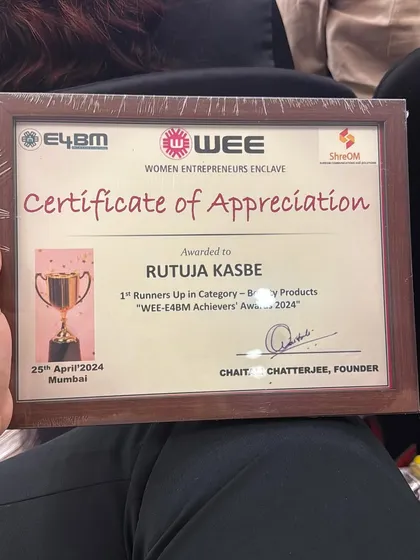 I am so grateful to have received this Certificate of Appreciation as the 1st Runner Up in the Beauty Products category at the WEE-E4BM Achievers' Awards 2024.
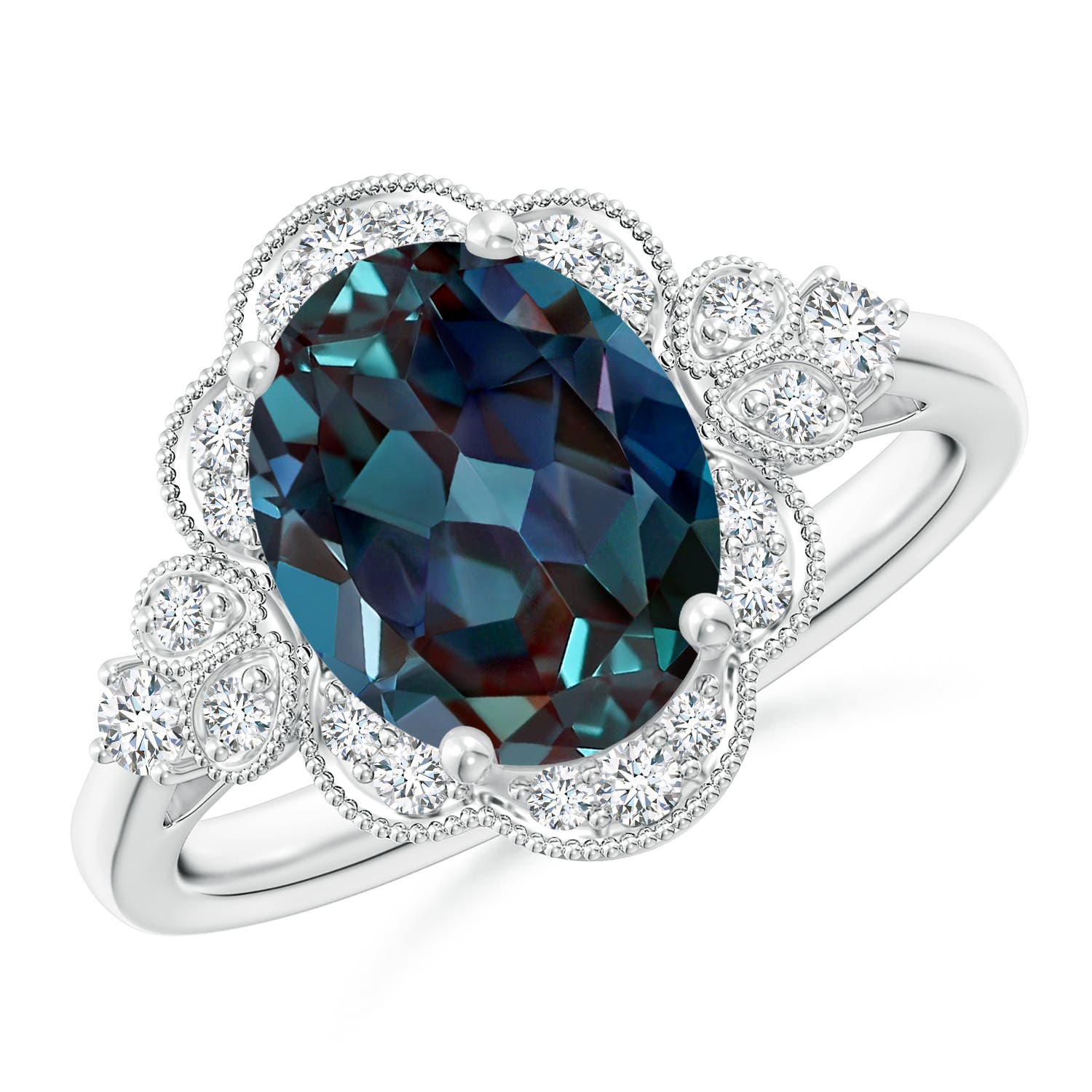 10x8mm Labgrown Victorian Style Oval Lab-Grown Alexandrite and Diamond Halo Engagement Ring in 18K White Gold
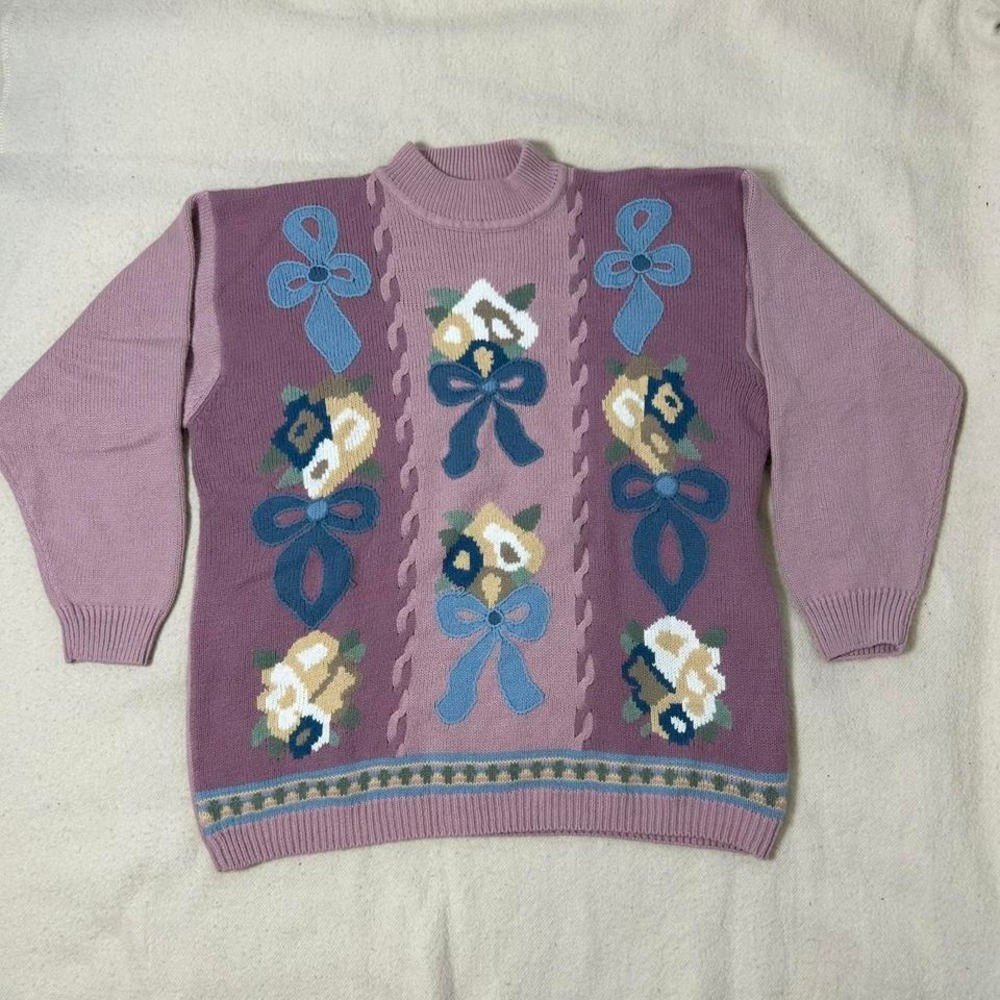 Alfred Dunner Pink Oversized‎ Floral Bouquet Turtleneck Sweater Size XL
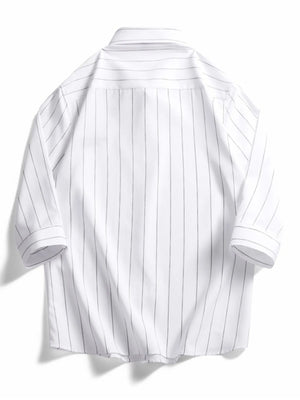Men's Plus Size Striped Button-Down Casual Shirt - Farnelli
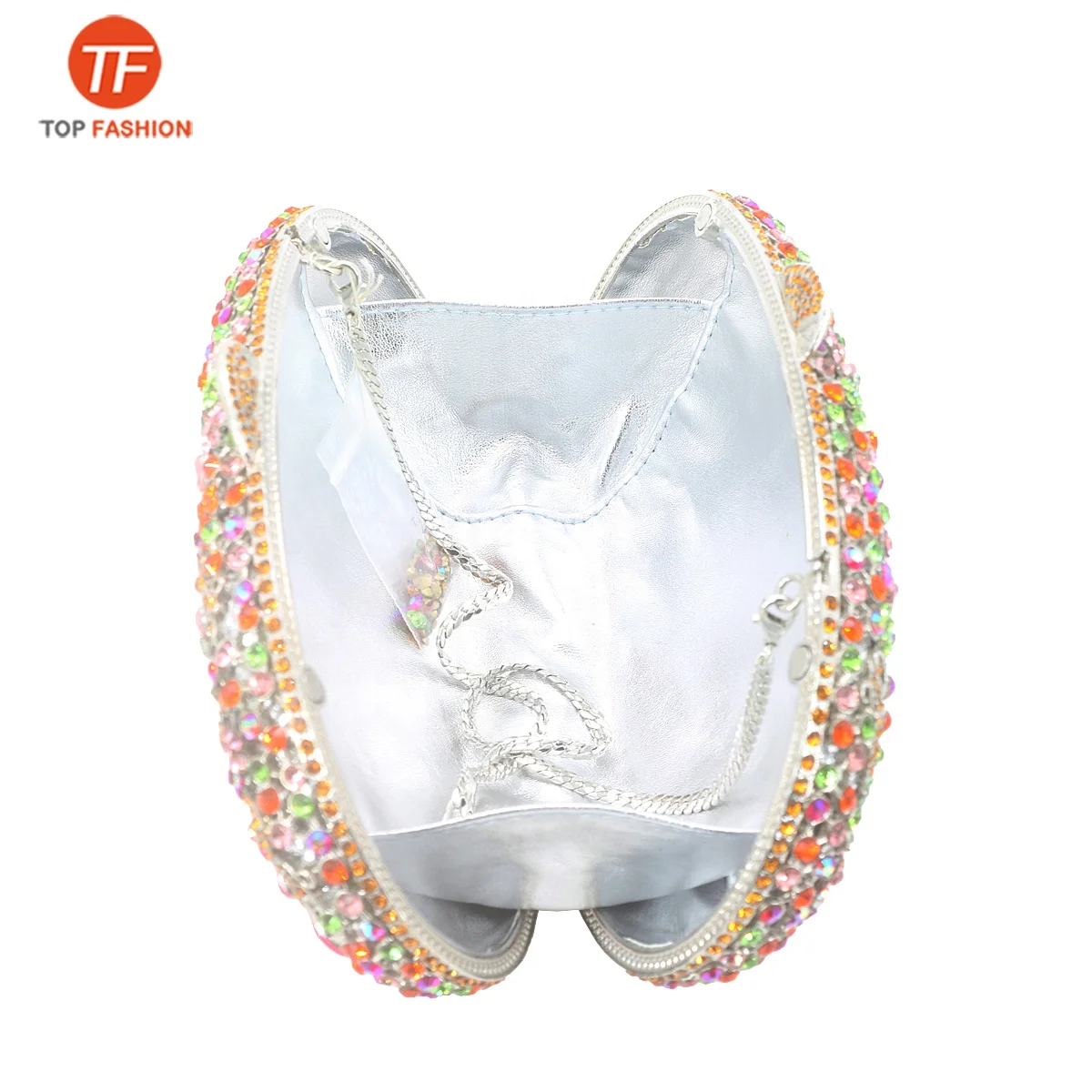 China Factory Wholesales Crystal Rhinestone Clutch Bag for Formal Party Diamante Enamel Flower Oval Minaudere Women Evening Bag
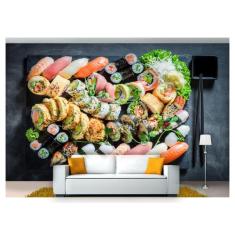 Papel De Parede Rodízio Japonês Sashimi 3D Al202 - Você Decora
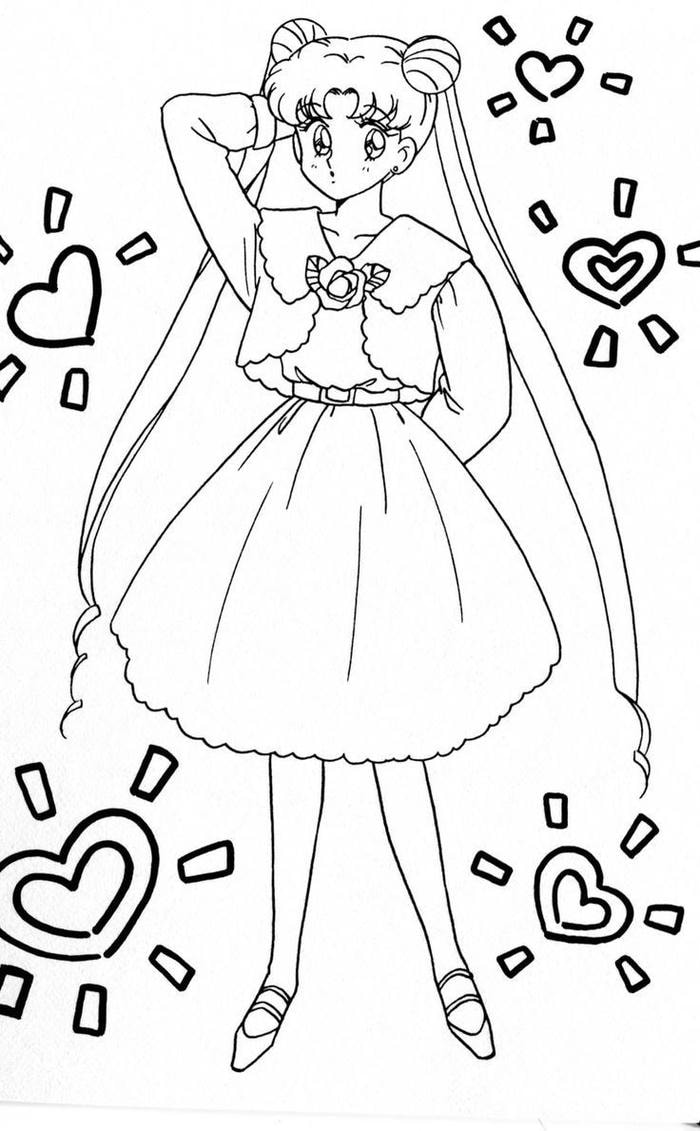 hình tranh tô thủy thủ mặt trăng dáng xinh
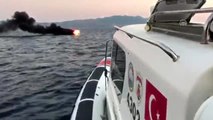 Bodrum'da tekne yangını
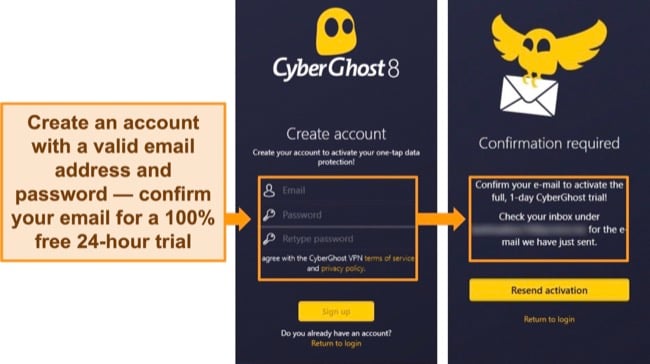 screenshots of CyberGhost's Windows app, showing the process of creating an account for a 24-hour free trial.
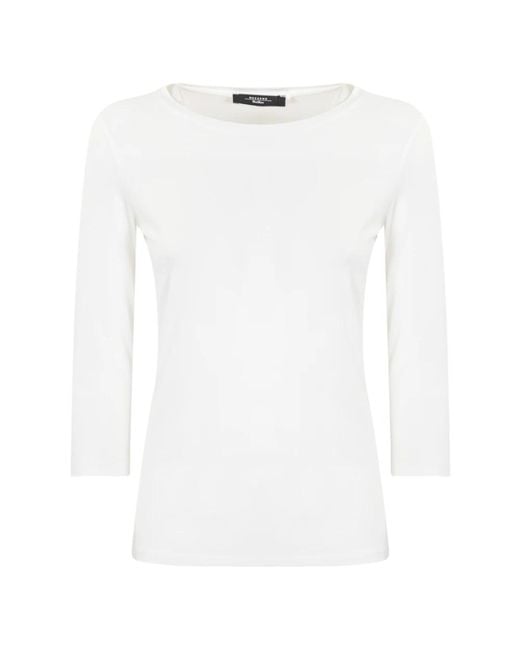 T-shirt in cotone organico manica 3/4 di Weekend by Maxmara in White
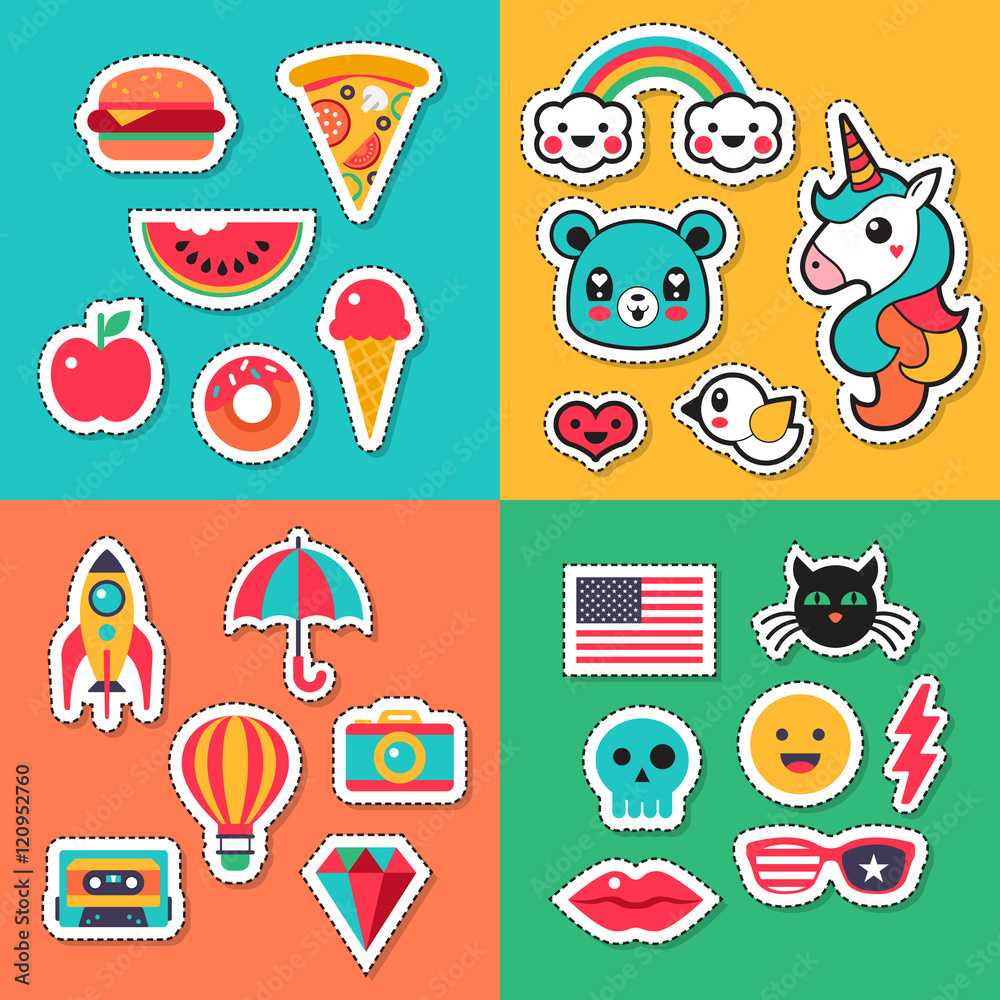 Trendy fashion chic patches, pins, badges and stickers design se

» ABOUT THIS TASK: Give the material again exactly as it is, but keep the pictures out.

» REPLY TO THE EXERCISE:
 I am so grateful to have received this Certificate of Appreciation as the 1st Runner Up in the Beauty Products category at the WEE-E4BM Achievers' Awards 2024.
 10x8mm Labgrown Victorian Style Oval Lab-Grown Alexandrite and Diamond Halo Engagement Ring in 18K White Gold
 Alfred Dunner Pink Oversized‎ Floral Bouquet Turtleneck Sweater Size XL
Men's Plus Size Striped Button-Down Casual Shirt - Farnelli
 China Factory Wholesales Crystal Rhinestone Clutch Bag for Formal Party Diamante Enamel Flower Oval Minaudere Women Evening Bag
 Papel De Parede Rodízio Japonês Sashimi 3D Al202 - Você Decora
 hình tranh tô thủy thủ mặt trăng dáng xinh
 Bodrum'da tekne yangını
 screenshots of CyberGhost's Windows app, showing the process of creating an account for a 24-hour free trial.
 T-shirt in cotone organico manica 3/4 di Weekend by Maxmara in White
 Trendy fashion chic patches, pins, badges and stickers design se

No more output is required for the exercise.